Here are several actual comments, from mildest to most profane:
“Some of the voice lines have an awkward cadence…”
“I noticed it within the first minutes of playing lol, their voice inflection is so wrong it’s painfully obvious.”
“The overall quality is pretty bad. I could tell from the get-go something was off and just ended up muting it after couple hours. A decent VA…would considerably improve the experience.”
“This is so lame, I look at BG3 and that is precisely the hand-crafted approach I want in my games, the voice actors are one of the biggest highlights of the games.”
“I still just find it hard to swallow that an aesthetic or gameplay choice warranted the need of commentators but not real human voice commentary. Just seems like they’re cutting corners.”
“AI literally cannot do the kind of energy a real sports announcer would… I haven’t seen anyone pull that off with AI tech; the delivery is always going to seem flat even if they fix everything else.”
“If you’re not willing to spend money on quality assets, why should the audience be willing to spend time on your game?”

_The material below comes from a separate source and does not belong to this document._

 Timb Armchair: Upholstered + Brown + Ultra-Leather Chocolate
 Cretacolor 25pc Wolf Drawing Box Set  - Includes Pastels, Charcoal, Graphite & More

“Is it really hard to understand that some people prefer to consume art and entertainment that’s created by actual humans who leave their mark on the work? We want creative people to be leaving a piece of themselves in their performances and art…”
“Bad voice acting by real people is one thing, but knowing the only effort they put into their voices was typing some words…only to STILL get stilted, lackluster delivery just sucks on a different level.”
“Two professional VAs could have hammered this shit out in a week, and the game would be better for it.”
“I dunno, I heard something was off pretty much immediately. The intonation is totally f***ed in almost every single voice line.”
“Nah, the AI voices are annoying as f**k, just don’t use them at all if they’re gonna sound like that.”
“The reason I want real actors is so that there’s personality behind the f***ing voice. Something that isn’t just a monotone voice but somebody who saw a script and put some f***ing soul behind it.”
Did you catch all that? Cadence. Inflection. Intonation. Energy. Soul.
AUTHENTICITY.
And this is just from the gaming community. I suspect there’s a lesson here for any business where the perception of authenticity or personalized service is a critical part of your value proposition, especially when it might be tempting (read: cheaper, more efficient, easier) to substitute AI for the human element. Just because you can doesn’t always mean you should.
Would you welcome feedback that your work product cuts corners? That it’s awkward? Lackluster? “Annoying as f**k?” That you’ve alienated your customers or clients?
If 2024 is in fact “the year of authenticity” and our new mission is the pursuit of all things authentic, then I’d like to make a humble suggestion.
As they might say on Reddit: use a real f***ing human.